In the First Amended Complaint, Plaintiffs allege that Hershey had a policy of replacing older, long-term sales managers and supervisors with younger employees. (Compl. ¶ 130). Specifically, Plaintiffs allege that Hershey implemented an Early Retirement Program in 2003 in order to eliminate the older sales force. ( Id. at ¶ 131-141). Plaintiffs allege that although Hershey labeled this program as voluntary, Plaintiffs were coerced into participating in the 2003 Early Retirement Program because of their respective ages. ( Id. at ¶ 142-43).
Dave West, Senior Vice-President of Sales, sent a memo to the sales force dated June 6, 2003. In the memo, Hershey announced that it would be realigning its sales force. The memo explained that the realignment would "not result in a major change in [Hershey's] full-time headcount," but "some displacement [would] occur within [Hershey's] workforce." Further, the memo indicated that Hershey would be "offering an Early Retirement Program to current full-time Sales employees who were eligible for the Project Fitness ERP in 2001." The memo explained that "the ERP [would] help minimize displacement." The memo indicated that each individual's new role would be communicated "no later than July 4th." At the time that the realignment was announced, all Plaintiffs were employees of Hershey. Each Plaintiff had been eligible for the ERP in 2001 and had elected not to accept that package. Consequently, each Plaintiff received information about the 2003 ERP in the mail. The ERP Plan Document informed the recipients that they had until June 20, 2003, to accept or reject the plan.
Before the deadline to accept the ERP, Ms. Bukala was called by two Hershey employees, Woods and Tipple. Woods and Tipple asked Ms. Bukala if she had received the ERP package and if she had any questions. Ms. Bukala, in turn, asked if she was going to have a position in the realigned sales force and what that position would consist of. Woods and Tipple did not disclose to Ms. Bukala whether or not she would have a position or what it would be. Consequently, before Ms. Bukala knew whether or not she would have a position in the realigned sales force, she accepted the Early Retirement Program.

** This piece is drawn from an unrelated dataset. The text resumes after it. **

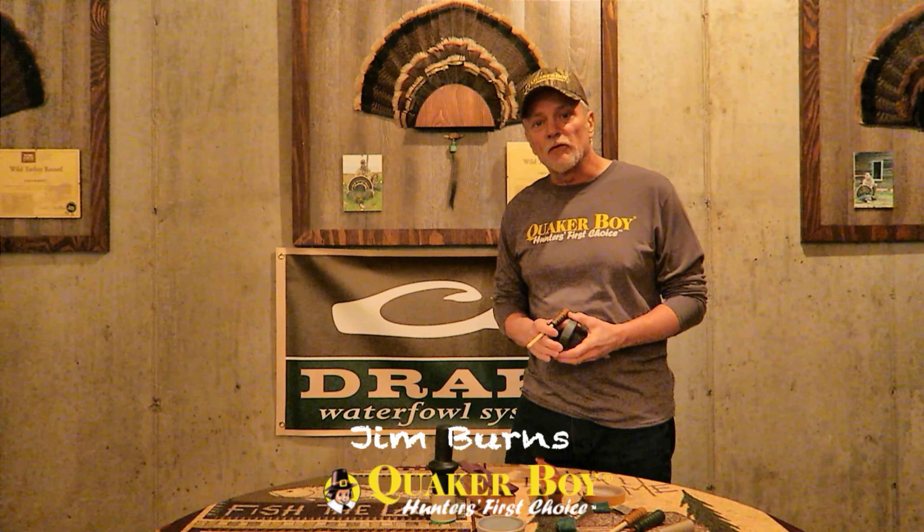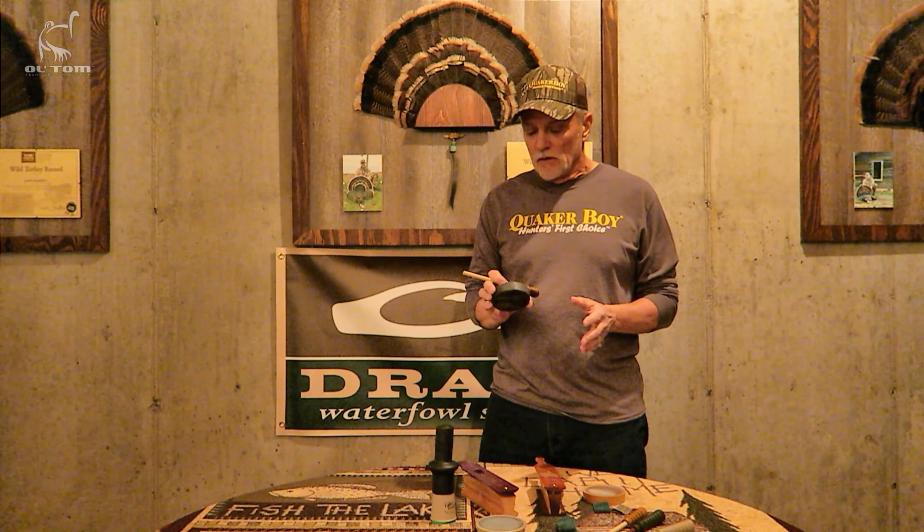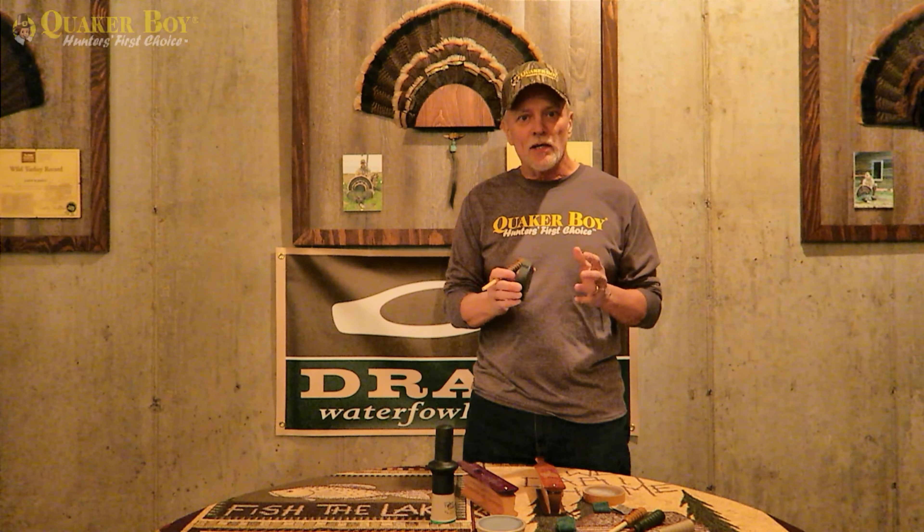Hello everybody, Jim Burns pro staffer with Quaker Boy here. Talking a little bit about call maintenance again today — specifically about pot calls and strikers. We're here in Virginia, it's a couple months before season, so it's time to look through your calls, get them ready, check for damage, and check your inventory in case you need to go buy another one. You can never have enough good calls in your pocket.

Upon receipt of the 2003 ERP materials, Mr. McGrath contacted a corporate human resources official. Mr. McGrath asked if he could have an extension to decide whether or not he would accept the ERP until he got back from a trip. The official informed Mr. McGrath that no one would receive an extension. Mr. McGrath accepted the early retirement program on June 12, 2003. After Mr. McGrath accepted Hershey's retirement offer, another Hershey employee told him that had he not accepted, he would have a position in the realigned sales force and also informed Mr. McGrath that he could rescind his acceptance of the ERP. At this time, however, Mr. McGrath was not given any information about what that position would be.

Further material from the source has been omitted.